Just a few words about this book can’t be called a review, but I am still blogging this because I need to air my views somewhere. Please do not be discouraged by my view of this book. I am known to dislike books which others just love. In fact, you should mark a book as a ‘have-to-read-it-no-matter-what’ if I give it a bad review. Told you, I am insane!

The Girl Who Played with Fire by Stieg Larsson

After thoroughly enjoying the first in the Millennium series The Girl with the Dragon Tattoo, I knew I will be reading the next book pretty soon and so I did! We meet the same characters Lisbeth Salander, the one with the tattoo and who apparently plays with the fire in this book and our hero Mikhael Blomkvist and a bunch of other supporting characters.

This time around, we have Salander in the hotspot – she is accused of triple murders and it is upto her friend Blomkvist to help her out in this difficult decision. The author takes immense pleasure in hanging the sword above Salander’s head and letting the readers wonder ‘Did she? Didn’t she?’ A journalist who is writing a book about sex trafficking, his girl friend who is writing a thesis on the same subject, a mysterious incident in Salander’s life which she calls “All The Evil” – add all these and you have a page tuner in your hands – literally! Just like the first book, Larsson creates an air of mystery around Salander’s so called evil incident and the reader is dying to know what the heck that is.
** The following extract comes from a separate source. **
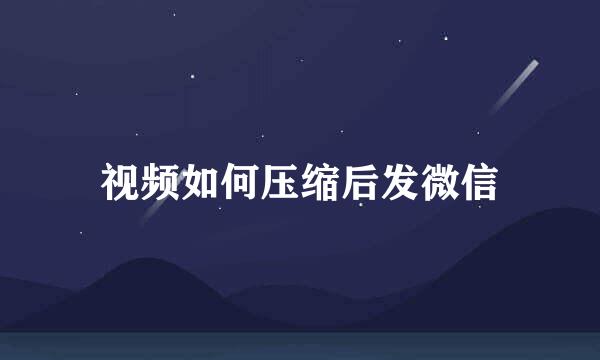 视频如何压缩后发微信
Salander gets a few more layers to her – Larsson beautifully develops her character. Half the world thinks she is a psychopath and is dangerous to the society whereas the other half thinks she is the best thing ever that happened to mankind.

Larsson seems to be obsessed with the physical form of love. While the first book revolved completely around that and violence, Larsson could have easily avoided mentioning these in his second book, still he does. A more-than-necessary importance to lesbians and this really put me off. The author has an interesting plot on hands which will make the book sell like hot cakes, he need not resort to such cheap tactics just to increase the book’s sales!

Larsson’s writing is nothing great. As it happens with most murder mysteries, the importance is given to the plot, its twists and turns rather than the language and style and this book is no different. And I am totally fine with it. If I want to read good English and beautiful style, I will read some other book. When I read a mystery, I want to be given an interesting plot and so many twists and turns that I feel dizzy and Larsson’s books fulfill these criteria. But there is a limit to how much shabby writing one can put up with. Larsson gets so descriptive in every scene (why do I care how many Billy Pan Pizza did Salander buy) that it gets really irritating (are you sure she folded her right leg over her left one and not the other way around? Who cares?). Still, I enjoyed this book just like how I enjoy a Govinda movie any day! You might not recall anything in this book after you close it, but you will enjoy it as long as you read it.